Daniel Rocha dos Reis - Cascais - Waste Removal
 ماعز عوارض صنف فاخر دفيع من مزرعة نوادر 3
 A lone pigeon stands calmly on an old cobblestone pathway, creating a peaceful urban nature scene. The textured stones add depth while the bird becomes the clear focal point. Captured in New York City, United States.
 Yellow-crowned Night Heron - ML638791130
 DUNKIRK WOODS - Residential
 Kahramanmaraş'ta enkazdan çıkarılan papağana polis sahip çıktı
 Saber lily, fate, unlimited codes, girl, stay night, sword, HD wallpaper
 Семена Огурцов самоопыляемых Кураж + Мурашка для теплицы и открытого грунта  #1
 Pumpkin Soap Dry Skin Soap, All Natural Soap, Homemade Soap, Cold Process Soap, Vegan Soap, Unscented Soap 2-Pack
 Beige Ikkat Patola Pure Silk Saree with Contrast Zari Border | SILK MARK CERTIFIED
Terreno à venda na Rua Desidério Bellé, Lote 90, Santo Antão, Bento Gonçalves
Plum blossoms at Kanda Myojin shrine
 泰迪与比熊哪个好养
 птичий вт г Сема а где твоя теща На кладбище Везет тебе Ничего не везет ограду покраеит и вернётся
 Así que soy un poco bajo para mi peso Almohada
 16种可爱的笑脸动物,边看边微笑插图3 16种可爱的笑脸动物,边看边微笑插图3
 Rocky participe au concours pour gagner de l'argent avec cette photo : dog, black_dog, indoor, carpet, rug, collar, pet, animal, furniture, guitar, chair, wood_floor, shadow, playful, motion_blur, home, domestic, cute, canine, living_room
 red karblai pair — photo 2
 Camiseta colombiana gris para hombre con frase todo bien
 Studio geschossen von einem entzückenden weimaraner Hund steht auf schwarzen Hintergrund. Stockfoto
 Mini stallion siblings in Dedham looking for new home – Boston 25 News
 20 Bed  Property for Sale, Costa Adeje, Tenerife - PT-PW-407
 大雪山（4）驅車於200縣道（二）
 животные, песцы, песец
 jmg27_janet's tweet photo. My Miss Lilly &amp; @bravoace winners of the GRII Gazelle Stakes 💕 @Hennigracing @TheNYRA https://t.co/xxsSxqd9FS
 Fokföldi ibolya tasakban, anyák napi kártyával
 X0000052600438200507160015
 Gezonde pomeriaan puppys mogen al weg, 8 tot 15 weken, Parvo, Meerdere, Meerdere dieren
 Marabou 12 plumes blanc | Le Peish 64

● ● ● ●

# Try it
Exactly the lines above from the one with "Pumpkin Soap Dry" to the one with "животные, песцы, песец", both included, are to be quoted; leave the rest out.

# Written response
 Pumpkin Soap Dry Skin Soap, All Natural Soap, Homemade Soap, Cold Process Soap, Vegan Soap, Unscented Soap 2-Pack
 Beige Ikkat Patola Pure Silk Saree with Contrast Zari Border | SILK MARK CERTIFIED
Terreno à venda na Rua Desidério Bellé, Lote 90, Santo Antão, Bento Gonçalves
Plum blossoms at Kanda Myojin shrine
 泰迪与比熊哪个好养
 птичий вт г Сема а где твоя теща На кладбище Везет тебе Ничего не везет ограду покраеит и вернётся
 Así que soy un poco bajo para mi peso Almohada
 16种可爱的笑脸动物,边看边微笑插图3 16种可爱的笑脸动物,边看边微笑插图3
 Rocky participe au concours pour gagner de l'argent avec cette photo : dog, black_dog, indoor, carpet, rug, collar, pet, animal, furniture, guitar, chair, wood_floor, shadow, playful, motion_blur, home, domestic, cute, canine, living_room
 red karblai pair — photo 2
 Camiseta colombiana gris para hombre con frase todo bien
 Studio geschossen von einem entzückenden weimaraner Hund steht auf schwarzen Hintergrund. Stockfoto
 Mini stallion siblings in Dedham looking for new home – Boston 25 News
 20 Bed  Property for Sale, Costa Adeje, Tenerife - PT-PW-407
 大雪山（4）驅車於200縣道（二）
 животные, песцы, песец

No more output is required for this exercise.